_Exercise prompt:_
Below this line is the material. Write out only its lines from the one containing "1年後（2026年6月7日撮影）" through the one containing "warning signs of self-harm", both kept, exactly.

[Opening Data for this task section]

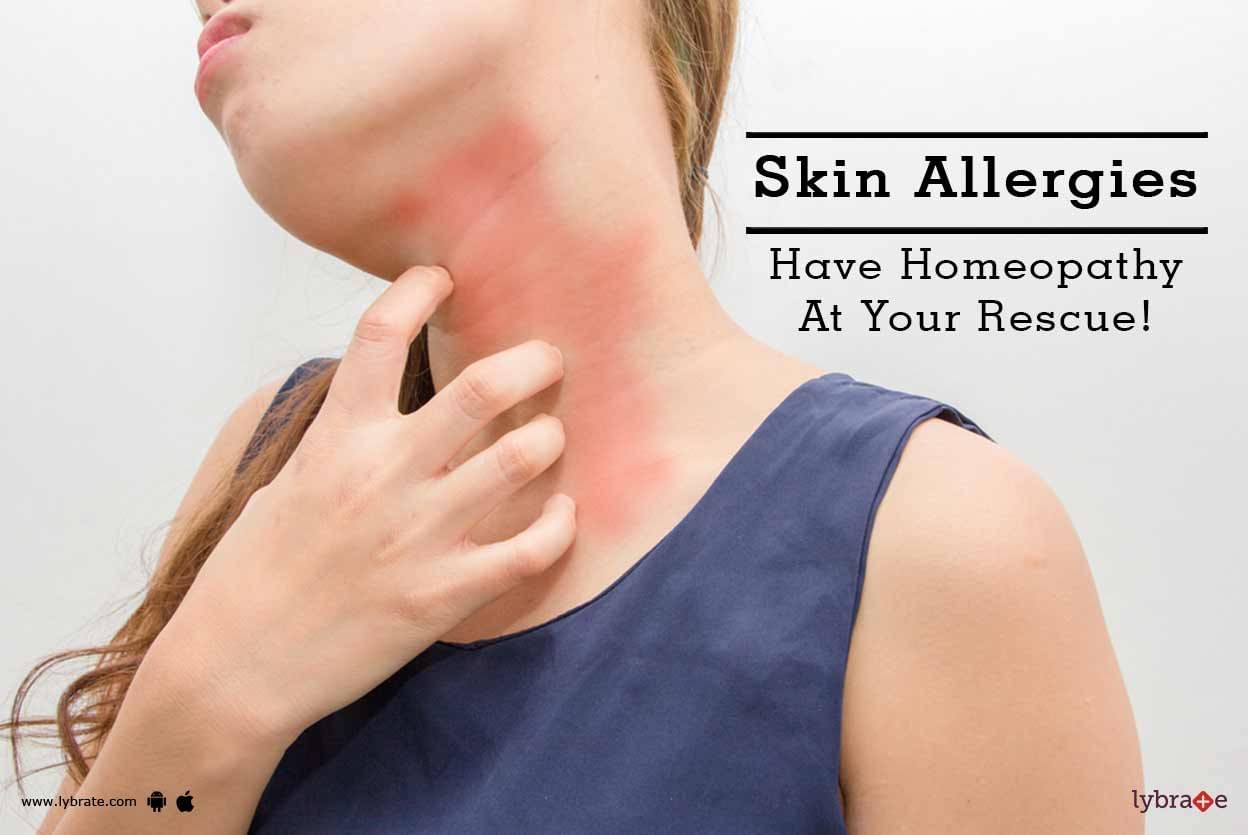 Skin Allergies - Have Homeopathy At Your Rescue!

[Closing Data for this task section]
[Opening Data for this task section]

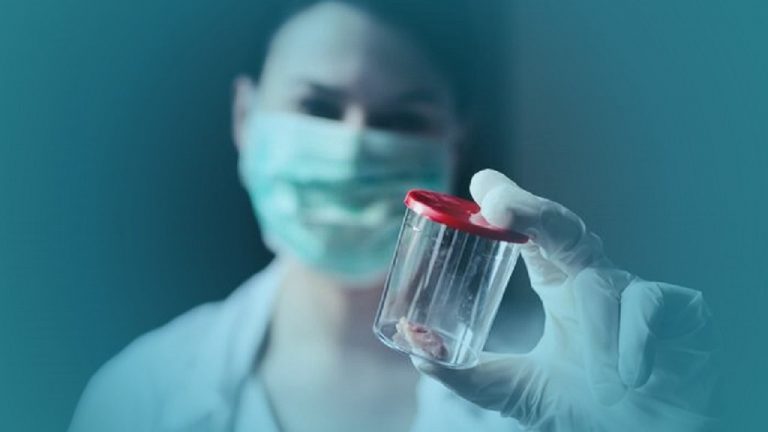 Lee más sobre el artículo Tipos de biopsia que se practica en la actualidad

[Closing Data for this task section]
[Opening Data for this task section]

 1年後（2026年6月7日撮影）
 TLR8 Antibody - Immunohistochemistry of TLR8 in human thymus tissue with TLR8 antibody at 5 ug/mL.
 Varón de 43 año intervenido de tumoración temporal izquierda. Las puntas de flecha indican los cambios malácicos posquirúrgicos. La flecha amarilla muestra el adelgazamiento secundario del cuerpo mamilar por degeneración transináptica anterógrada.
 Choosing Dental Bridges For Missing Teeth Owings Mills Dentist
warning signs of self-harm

[Closing Data for this task section]

_Exercise response:_
 1年後（2026年6月7日撮影）
 TLR8 Antibody - Immunohistochemistry of TLR8 in human thymus tissue with TLR8 antibody at 5 ug/mL.
 Varón de 43 año intervenido de tumoración temporal izquierda. Las puntas de flecha indican los cambios malácicos posquirúrgicos. La flecha amarilla muestra el adelgazamiento secundario del cuerpo mamilar por degeneración transináptica anterógrada.
 Choosing Dental Bridges For Missing Teeth Owings Mills Dentist
warning signs of self-harm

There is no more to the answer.